How to Transfer Ownership to Staff Members

A reader asks:

“I have a staff member who does a good job when I tell her what to do, but figuring out what she should be doing takes a lot of my energy. I wish she would take things and run with them more often, but I’m not sure how to get that to happen.”


When it’s falling to you to figure out what a staff member should be doing while the staff member herself simply executes those ideas, the issue is often that you haven’t made her responsible for taking ownership and driving forward the work in her realm. Here are some ways that you can do that.

1. Make sure you’ve given your staff members meaningful roles with real weight to them. Too often, managers define the roles on their team in ways that utilize staffers as helpers to the manager, rather than giving them real ownership over the work.

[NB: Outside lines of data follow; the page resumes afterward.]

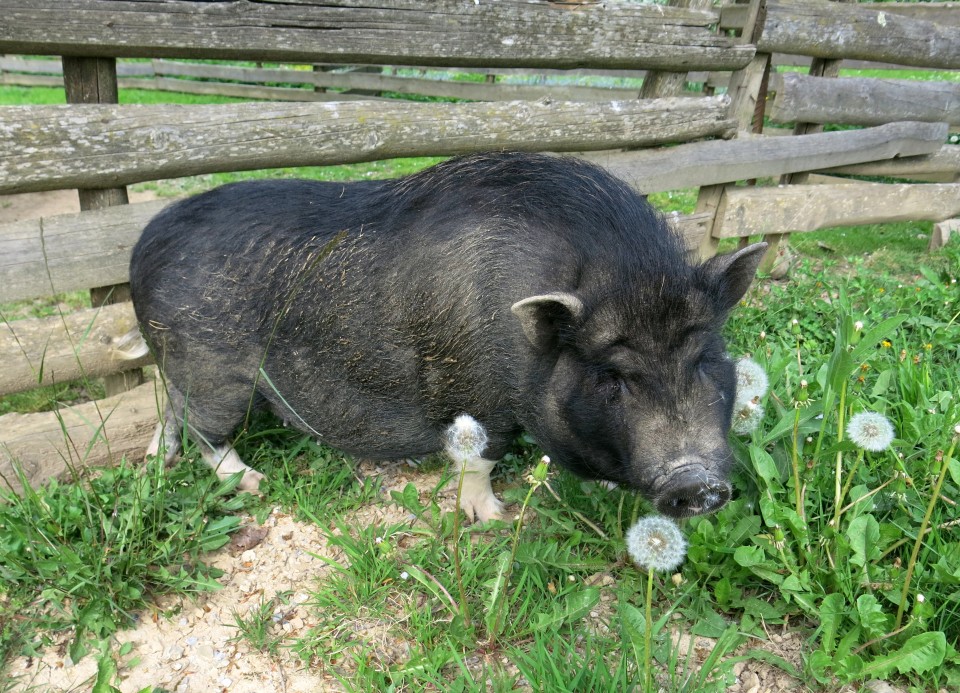 Na Hribcu 02.05.2018 - foto povečava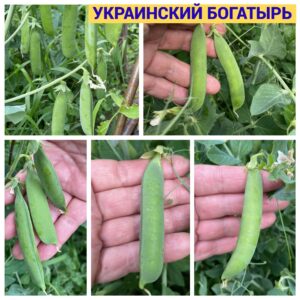 УКРАИНСКИЙ БОГАТЫРЬ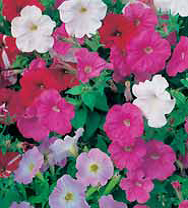 Семена цветов петуния Балконная смесь окрасок 0,1г Агроуспех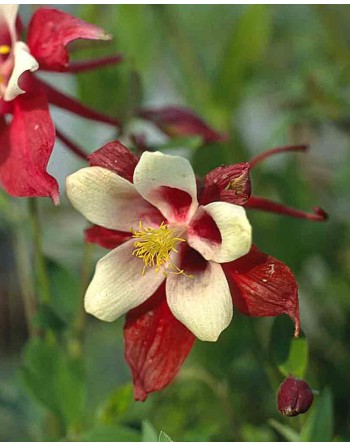Aquilegia caerulea 'Crimson...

They create roles that focus on specific activities rather than overall outcomes – such as asking an events assistant to do X, Y, and Z, rather than simply saying, “You’re responsible for ensuring that our events run smoothly.” This often leads to staff members feeling as though they’re only supposed to execute the specific activities they’ve been assigned rather than bearing the broader emotional weight of ensuring the work is successful. (And it leaves you feeling frustrated that that broader emotional weight is still on your shoulders!)

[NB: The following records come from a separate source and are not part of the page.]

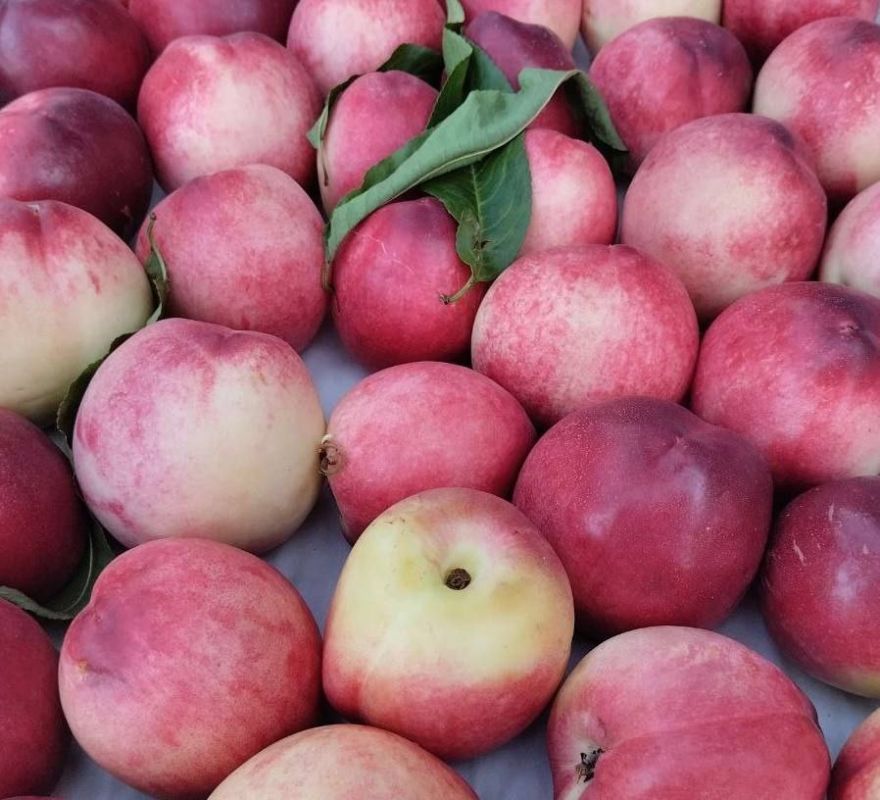 Еженедельная ярмарка в городе Мариуполь Еженедельная ярмарка в городе Мариуполь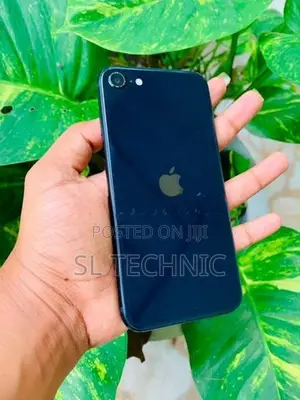 Apple iPhone SE 3 (Used)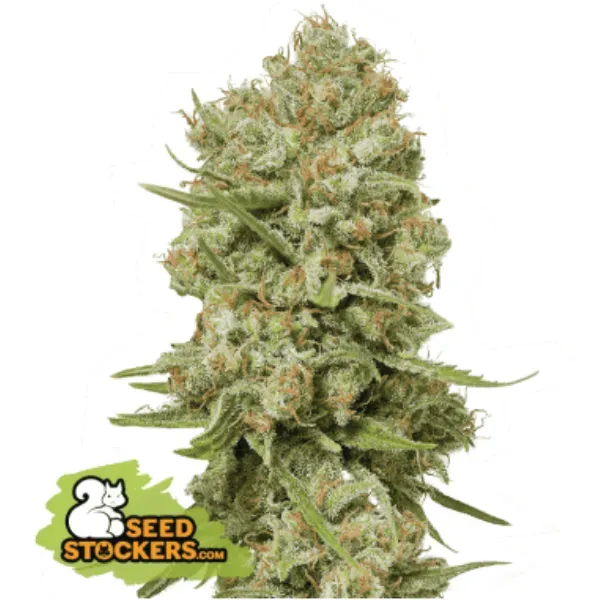 Seedstockers Green Crack Fem semi femminizzati 5 semi sativa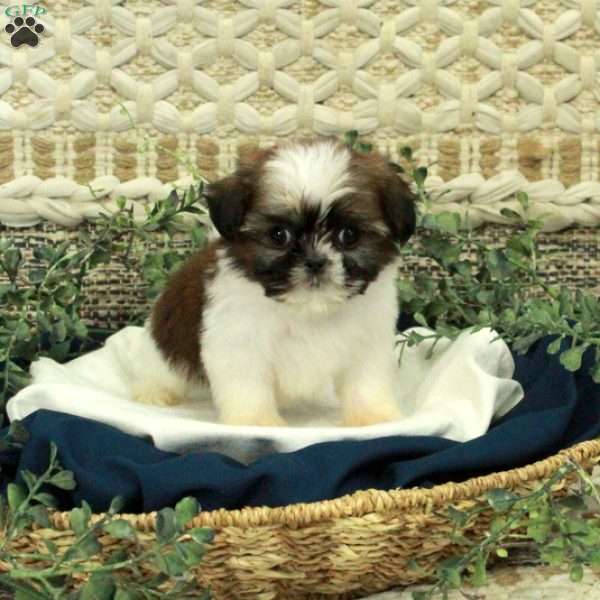 Tammy, Shih Tzu Puppy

But if you assign more meaningful roles, ones that are responsible for broad responsibilities and outcomes rather than just activities, you can transfer much of that weight and stop needing to identify and delegate every piece of work that comes up.

2. Be clear about not just what you want people to do in their jobs, but how they should approach the job. You’ll never be able to think of and capture everything that will come up in the course of your staff members’ work  – but that won’t matter nearly as much if you convey to them how they should approach their jobs. For instance, you might tell your events assistant that she should constantly be on the lookout for opportunities to make your events more cost-effective and ways to improve the experience of attendees. Then, if she’s doing her job well, you shouldn’t need to ask her to negotiate with the venue on price or to ensure that the registration tables are well staffed, because it should be clear that handling these pieces of the work is part of her role. (And here’s an example of a role description that lays out both the what and the how in clear terms.)

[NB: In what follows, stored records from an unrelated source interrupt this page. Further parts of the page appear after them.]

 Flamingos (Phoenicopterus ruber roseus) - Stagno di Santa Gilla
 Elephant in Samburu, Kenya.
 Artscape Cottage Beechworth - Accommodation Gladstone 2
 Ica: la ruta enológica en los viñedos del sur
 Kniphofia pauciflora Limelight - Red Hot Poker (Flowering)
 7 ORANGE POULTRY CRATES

3. Try the “you’re the CEO of ___” concept. To fully convey to your staff members the overall responsibility you expect them to take for their roles, try this statement:  “You’re the CEO of ___.”  In other words, encourage your events assistant to think of herself as the CEO of events logistics, your communications director to think of herself as the CEO of media relations, your webmaster to think of herself as the CEO of online advocacy, and so forth. (To be clear, we don’t mean that these should be their actual titles; rather, this is about conveying the essence of a role and the responsibility that comes with it.)

4. Make sure that you’re setting clear and ambitious goals. Agreeing on clear, ambitious goals for what your staff member will accomplish in a particular period of time – and regularly checking in on progress toward those goals – should also help transfer ownership. When it’s clear what outcomes will make people successful in their roles, the energy for achieving those goals can come from them.

5. If you’re doing all this and you still feel you have more ownership for driving work forward than your staff members do, take a look at whether you have the right people in the roles. Given meaningful responsibility and the resources to achieve their goals, high performers will take ownership and run with it. If after doing everything above, a staff member still isn’t taking ownership for her work, it might be time to assess whether that person is the right fit for what you need from the role.